HO SEMPRE PENSATO CHE I FIGLI SONO DI CHI LI CRESCE NON DI CHI LI FA.

Per questo credo molto utile la nuovissima legge che parifica i figli naturali ed adottati a quelli “di diritto”. I bambini non sono una proprietà. Mia madre si arrabbiava quando la sera, dopo aver passato tutto il giorno coi nonni, “sgattaiolavo” giù da loro invece di star su coi miei..
STARE COI FIGLI SIGNIFICA CRESCERE CON LORO E PER LORO, abbandonare i vizi per dar loro l’esempio, rinunciare a qualche divertimento e svago soli x divertirsi con altre famiglie assieme ai bimbi, significa DAR SENSO AGLI EVENTI DELLA VITA ovvero vivere intensamente momenti belli e brutti, non solo battesimi e compleanni ma anche matrimoni e funerali, anche quando sono dei nonni “perche’ adesso sono in cielo, rimangono vivi e vicini a noi e sono felici senza la malattia”.
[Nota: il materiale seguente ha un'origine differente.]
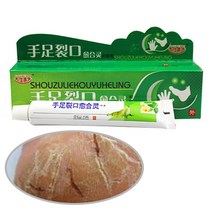 건선크림 아토피 피부습진 완화 크림 가려움방지 크림 보습제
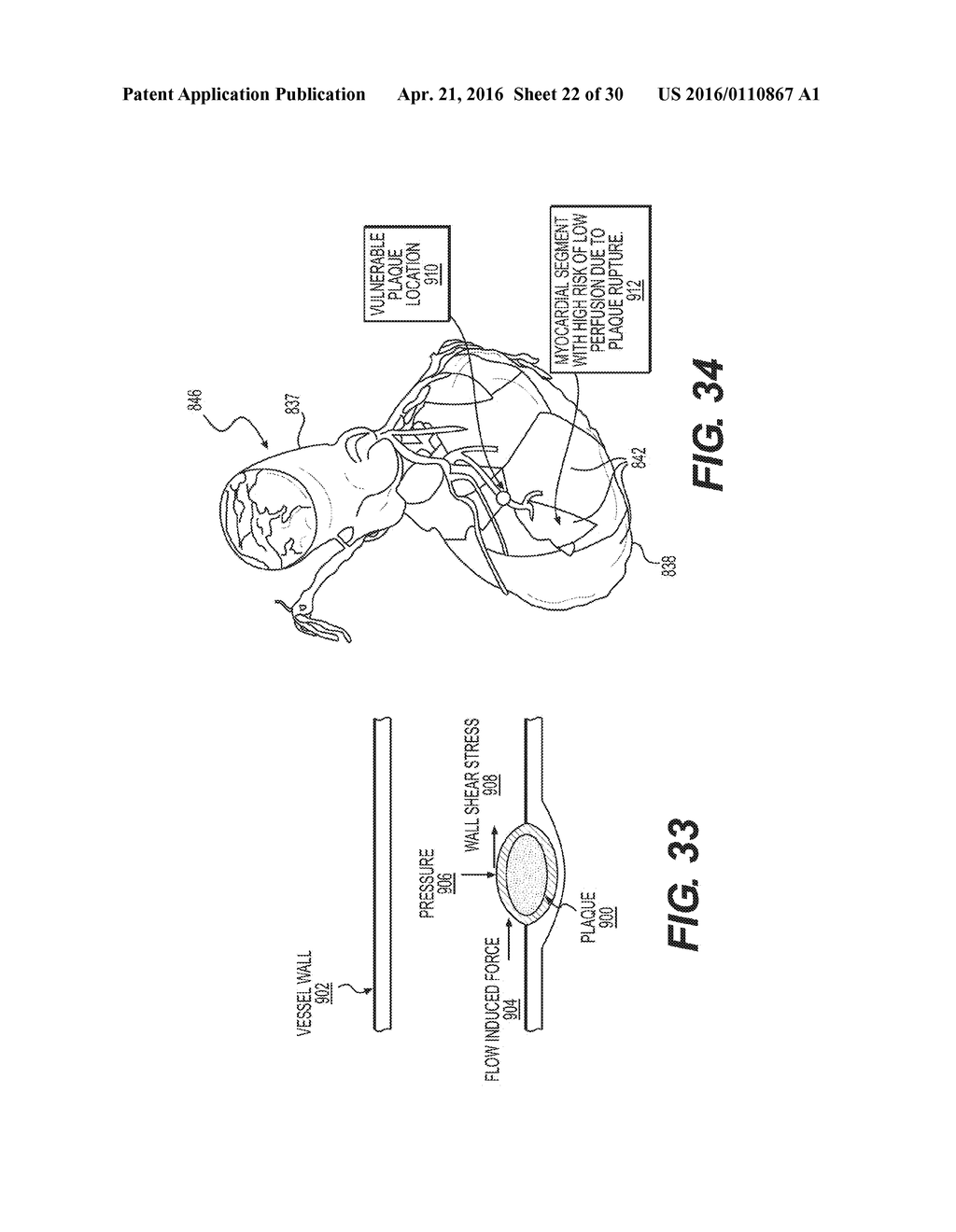 METHOD AND SYSTEM FOR IMAGE PROCESSING TO DETERMINE PATIENT-SPECIFIC BLOOD     FLOW CHARACTERISTICS - diagram, schematic, and image 23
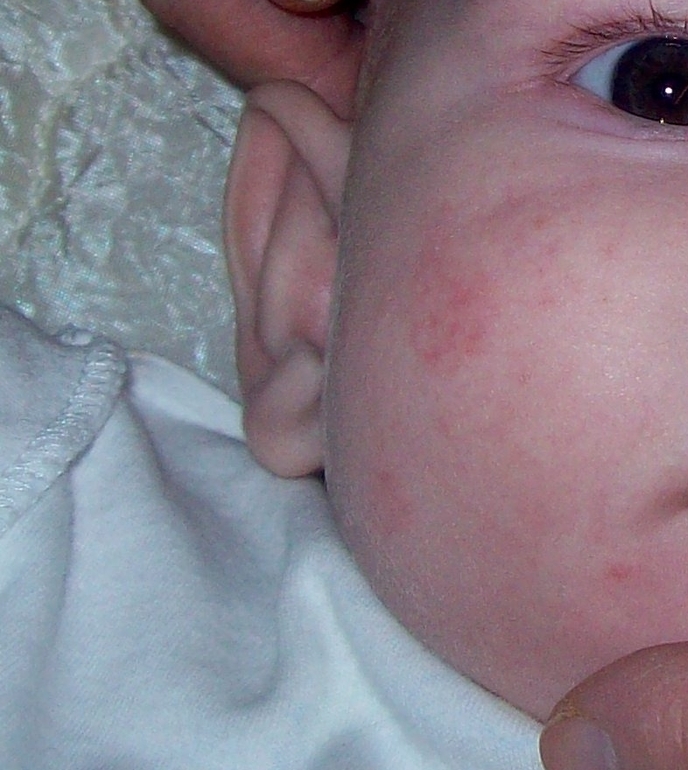 Высыпания на коже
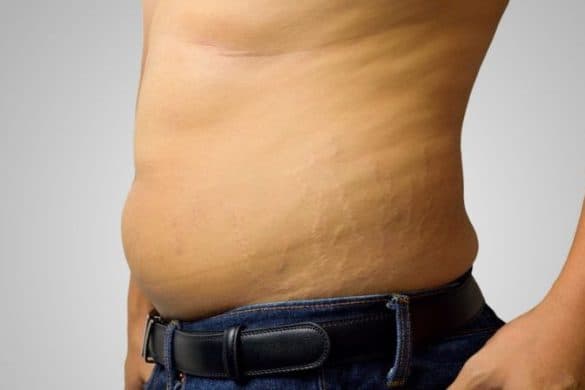 Best Home Remedies For Stretch Marks Removal Treatment And Causes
Arriverà inesorabilmente il momento in cui ai nostri figli spunteranno le ali e se ne andranno per la loro strada, allora rimpiangeremo di non essere stati abbastanza tempo a coccolarceli e crescerli coi giusti valori… e loro magari non sapranno chi vorranno essere “da grandi”. Questo si puo’ evitare: “prevenire e’ meglio che curare”. Ma il prezzo e’ alto: sacrifici, notti insonni, lettone affollato, mille cambi quotidiani di pannolini, mutandine, letti, abiti..

La frustrazione di non aver piu’ tempo per se stessi (parrucchiera, estetista, palestra, locali, amiche e viaggi, intimita’, carriera…) eppure ho investito sul futuro non solo di mio figlio ma della società e dell’umanità intera che ha bisogno non più di persone che vivono per lavorare, per consumare, per buttare, per curarsi dai mali sociali ma di donne e di uomini nuovi capaci di prendersi seriamente responsabilità perchè forti di ciò che hanno ricevuto e perchè conoscono le cose davvero importanti nella vita: tempo e amore.